|
Keyword here: "acute". Nothing about chronic exposure, which is what is relevant here. Even if they did have a long-term study of low-dose exposure, it would be an extremely limited one (rats, mice, controlled conditions) missing the mix of much more stuff we are exposed to all the time. Having suffered from (finally clinically diagnosed and clinically treated with chelators DMPS and DMSA - with great results) low-dose long-term heavy metal poisoning I had to find out, both myself (studying as much as I could) and from the doctors, that there basically exists next to zero clinically relevant research for a) low-dose exposure, b) long-term, c) (and this one is by far the worst) a mix of chemicals rather than examining just one or two at a time in isolation.

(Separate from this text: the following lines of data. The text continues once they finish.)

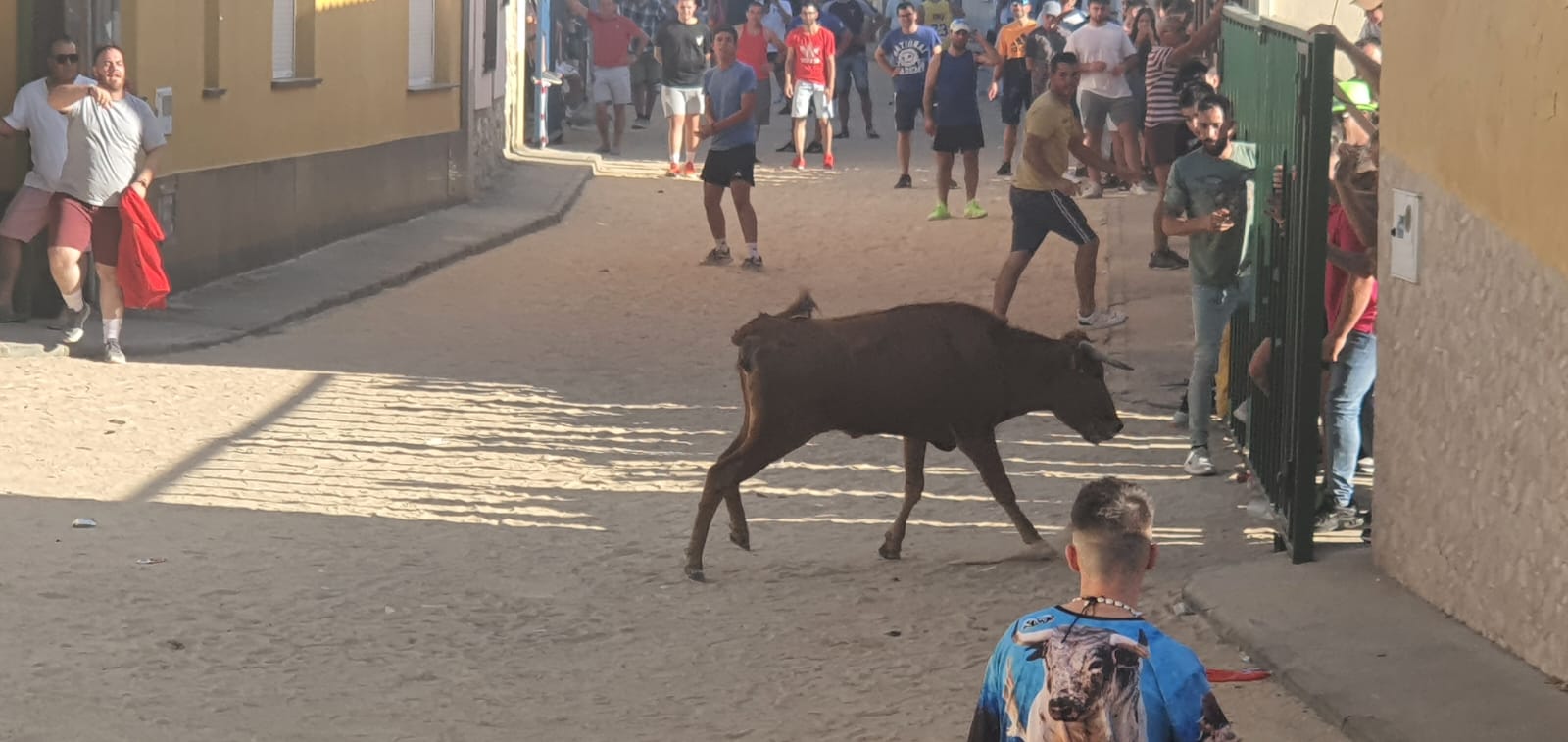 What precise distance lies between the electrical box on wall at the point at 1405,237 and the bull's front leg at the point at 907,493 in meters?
1.93

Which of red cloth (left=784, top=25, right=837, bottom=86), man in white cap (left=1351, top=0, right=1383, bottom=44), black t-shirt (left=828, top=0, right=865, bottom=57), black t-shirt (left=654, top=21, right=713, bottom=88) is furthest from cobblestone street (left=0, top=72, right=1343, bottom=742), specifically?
black t-shirt (left=828, top=0, right=865, bottom=57)

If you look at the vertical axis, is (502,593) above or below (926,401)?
below

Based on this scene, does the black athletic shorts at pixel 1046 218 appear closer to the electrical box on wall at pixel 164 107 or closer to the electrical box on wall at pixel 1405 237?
the electrical box on wall at pixel 164 107

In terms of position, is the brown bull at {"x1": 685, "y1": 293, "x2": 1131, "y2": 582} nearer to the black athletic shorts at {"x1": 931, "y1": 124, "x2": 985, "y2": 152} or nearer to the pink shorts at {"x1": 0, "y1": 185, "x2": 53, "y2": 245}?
the pink shorts at {"x1": 0, "y1": 185, "x2": 53, "y2": 245}

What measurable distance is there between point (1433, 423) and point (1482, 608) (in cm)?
76

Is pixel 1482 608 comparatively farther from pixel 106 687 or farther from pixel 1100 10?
pixel 1100 10

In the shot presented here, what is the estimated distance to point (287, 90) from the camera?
16.9 metres

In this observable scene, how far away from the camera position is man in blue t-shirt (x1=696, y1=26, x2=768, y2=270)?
16.7 meters

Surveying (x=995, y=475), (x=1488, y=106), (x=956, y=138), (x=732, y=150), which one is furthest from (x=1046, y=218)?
(x=1488, y=106)

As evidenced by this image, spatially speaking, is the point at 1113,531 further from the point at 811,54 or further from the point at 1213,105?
the point at 811,54

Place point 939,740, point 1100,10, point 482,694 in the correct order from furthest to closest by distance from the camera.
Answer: point 1100,10 → point 482,694 → point 939,740

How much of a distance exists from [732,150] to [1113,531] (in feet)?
43.0

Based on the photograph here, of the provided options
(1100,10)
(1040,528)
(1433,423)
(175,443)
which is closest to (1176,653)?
(1433,423)

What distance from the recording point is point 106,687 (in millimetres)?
6531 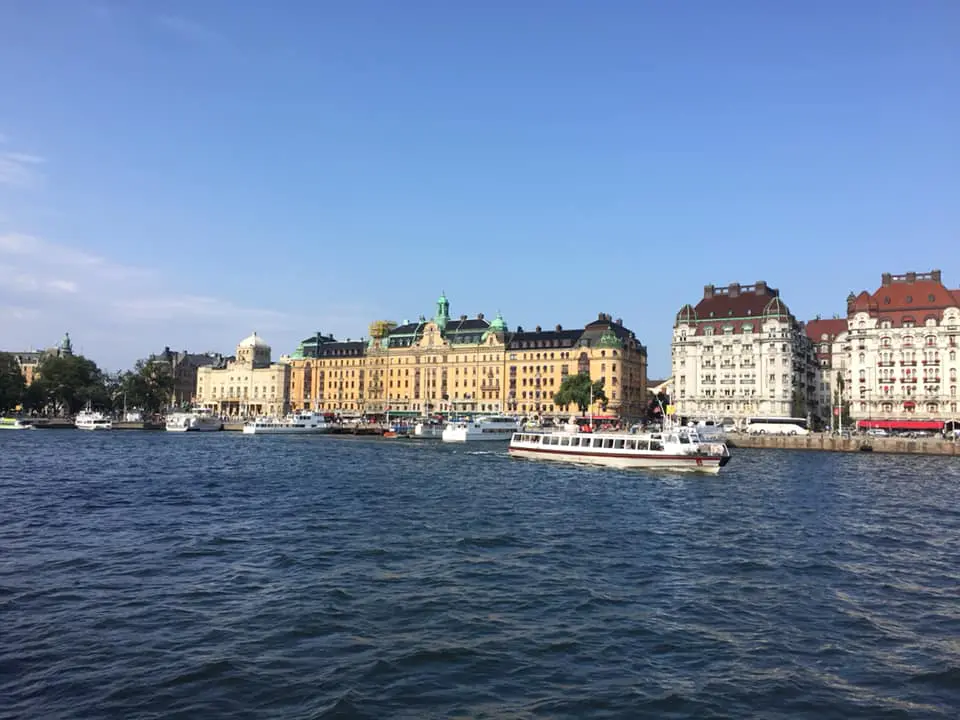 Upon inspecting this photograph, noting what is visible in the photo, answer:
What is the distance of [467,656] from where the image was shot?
18078 millimetres

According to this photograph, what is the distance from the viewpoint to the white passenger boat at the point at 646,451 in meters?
67.2

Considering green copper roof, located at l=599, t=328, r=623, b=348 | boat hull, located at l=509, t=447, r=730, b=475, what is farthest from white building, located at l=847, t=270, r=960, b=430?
boat hull, located at l=509, t=447, r=730, b=475

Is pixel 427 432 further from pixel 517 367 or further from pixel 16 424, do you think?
pixel 16 424

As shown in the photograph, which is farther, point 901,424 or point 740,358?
point 740,358

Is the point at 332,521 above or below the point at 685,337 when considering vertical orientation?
below

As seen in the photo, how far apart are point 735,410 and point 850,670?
131634 millimetres

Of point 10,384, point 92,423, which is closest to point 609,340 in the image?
point 92,423

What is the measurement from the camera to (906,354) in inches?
4993

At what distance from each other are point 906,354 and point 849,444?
29.9 metres

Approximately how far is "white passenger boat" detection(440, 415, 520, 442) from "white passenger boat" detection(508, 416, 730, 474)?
50521 mm

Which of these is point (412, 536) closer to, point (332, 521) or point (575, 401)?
point (332, 521)

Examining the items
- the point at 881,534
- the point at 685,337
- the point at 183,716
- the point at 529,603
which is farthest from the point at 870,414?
the point at 183,716

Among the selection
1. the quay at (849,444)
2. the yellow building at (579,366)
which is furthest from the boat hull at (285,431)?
the quay at (849,444)

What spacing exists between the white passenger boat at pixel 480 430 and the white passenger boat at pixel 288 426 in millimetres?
34244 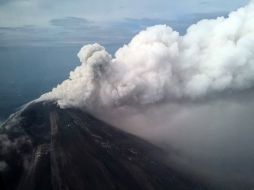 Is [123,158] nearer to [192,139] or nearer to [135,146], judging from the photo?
[135,146]

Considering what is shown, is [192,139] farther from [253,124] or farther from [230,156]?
A: [253,124]

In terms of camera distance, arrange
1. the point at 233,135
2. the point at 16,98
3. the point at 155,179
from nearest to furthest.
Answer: the point at 155,179 → the point at 233,135 → the point at 16,98

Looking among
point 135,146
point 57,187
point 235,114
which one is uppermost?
point 235,114

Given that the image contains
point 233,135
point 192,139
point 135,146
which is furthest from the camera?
point 233,135

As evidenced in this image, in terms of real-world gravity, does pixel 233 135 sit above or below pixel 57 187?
above

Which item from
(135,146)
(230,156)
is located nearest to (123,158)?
(135,146)

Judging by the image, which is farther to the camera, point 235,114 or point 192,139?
point 235,114

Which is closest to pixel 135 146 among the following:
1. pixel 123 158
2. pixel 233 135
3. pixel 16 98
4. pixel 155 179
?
pixel 123 158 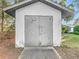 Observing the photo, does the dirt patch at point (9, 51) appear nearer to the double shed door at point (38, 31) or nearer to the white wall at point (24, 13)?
the white wall at point (24, 13)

The last one is very relevant - mixing stuff often dramatically changes the effect. I once found an LD (lethal dose) heavy metal poisoning study on rats where mixing lead and mercury was about a thousand times more lethal (i.e. 1/1000th the dose of both) compared to poisoning the rats with only one of them. The reason isn't a conspiracy of course, it's just impractical to impossible to study anything but acute poisonings and only of one or very few chemicals at a time. Also, each time somebody recites officially allowed values I cringe - for example, the medical science opinion about the desirable lead exposure is zero. However, of course this isn't practical - and this is what all those official limits are: Administrative practical values, considering what can be done, where the research stands (always erring on the opposite side of caution - you have to prove the bad effect before the limits are lowered) and at what cost. So no, science does not have the answer about any of this. The internal medicine + environmental medicine research doctor that was my main doc is pretty pessimistic about the stuff we (humans) do, and this guy lives with the research, always citing this or that new study when we meet. Maybe I should add that there indeed are lots and lots of studies. However, they are incredibly specific, they won't be the basis for tougher legislation/lower official limits, because even if you take a hundred (good) studies of that kind you did not prove that the specific effect observed in the lab is relevant "in the world setting", and/or on humans, and/or what the combined net effect of "everything" might be. Which is, at least today, pretty much impossible. |
Wow. I'm extremely curious about how you found out, what your symptoms were, and what resources you used to educate yourself. Do you think that people with your condition are misdiagnosed on a large scale?